Can You Hear Me Now?

Communication is a funny thing. We all want to be heard even though we really don’t have anything to say.

“I thank you for your interest but it really wasn’t worth listening,” I heard son #1 say to son #2 last evening. He had been making some off the wall comment mainly to himself when his younger brother took his headphones off of one ear to say, “huh?” At least they were being polite to each other and trying to communicate.

heardI feel the same way son #1 did often in life. I will say something and it’s not profound. It’s nice to be acknowledged but it’s usually not worth repeating if someone doesn’t hear me the first time. I am often not heard. I think that’s from too many years of being shy and not speaking loudly enough. I mumble and my comments get overlooked. It’s odd because I can be plenty loud at home.

I also use far less classy language at home. I’m not proud to admit that I swear more than my trucker husband does. It’s a bad habit that I developed as a teenager. I was a shy kid and a nauseatingly good girl. I always behaved out in public and never wanted to disappoint my parents. I started swearing in high school because it was a secret way of defying my mother. My mother would’ve been horrified at some of the things that came out of my mouth when I was talking to friends. That’s why I did it and now that I’ve been doing it for 40 years, I don’t think it’s going to go away any time soon. I try not to do it at work because I know better than that. I try to say things like “oh, crap” or “oh for heaven’s sake” when things go wrong and I feel the need to curse. It’s not quite the same, though.

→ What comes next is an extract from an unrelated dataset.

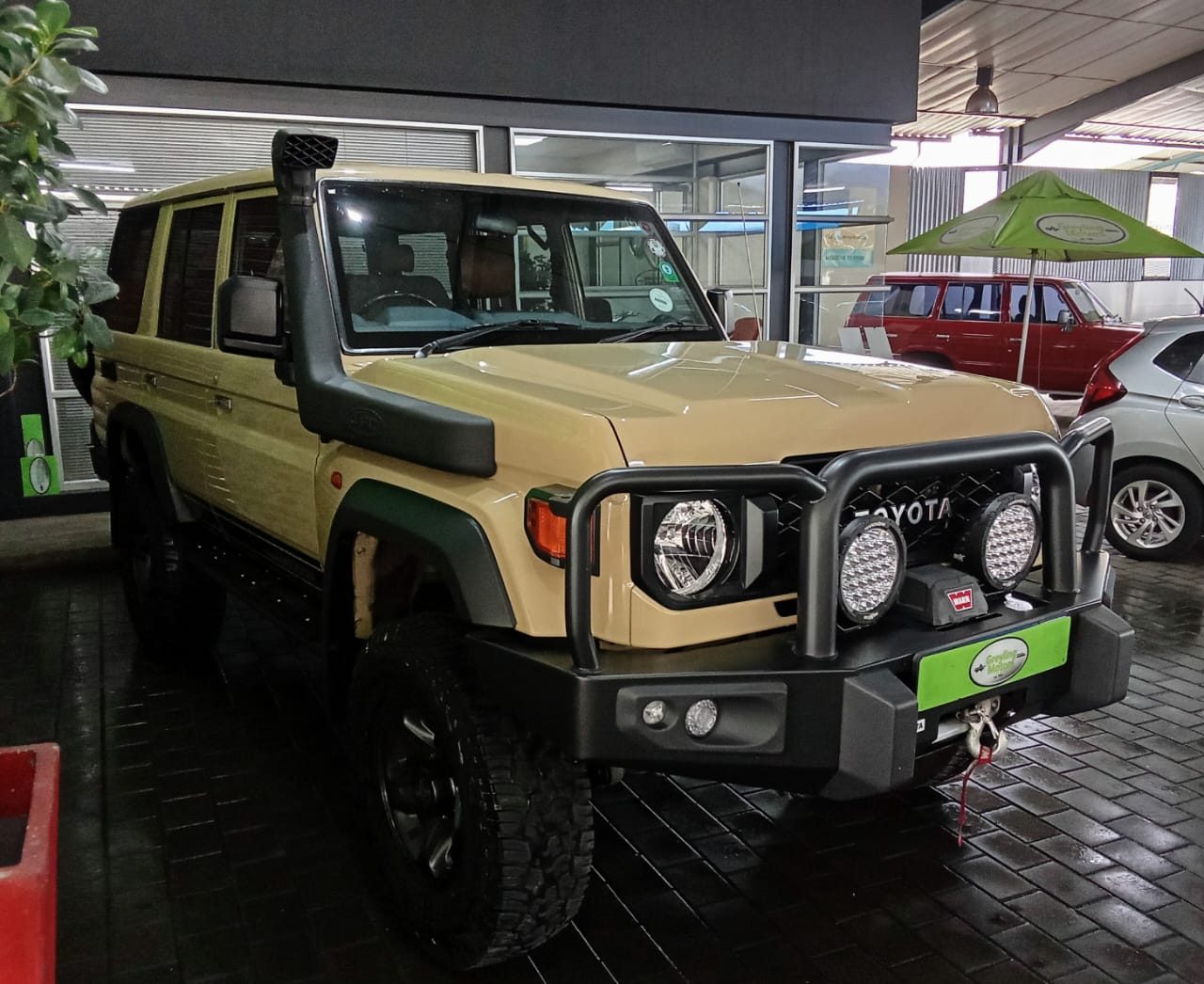 2024 Toyota Land Cruiser 76 2.8 Gd-6 Vx Diesel Wagon – photo 2 of 16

I’ve had issues recently with a new person at work. I can be socially awkward but I’m usually never intentionally rude. When someone talks to me, I answer him or her. This individual doesn’t respond in social situations – ever. If you say “hi” or “hello”, this person looks you in the eye, says nothing and walks away. Someone else suggested that possibly this person is autistic. I took offense to that. I know autism. My son has it. He answers people when they address him. I taught him how to behave in public. The rude person at work walked away from me without speaking again yesterday. I ended up sticking my tongue out at the back of this person’s head. Yes, I’m real mature. I’ve been told that before.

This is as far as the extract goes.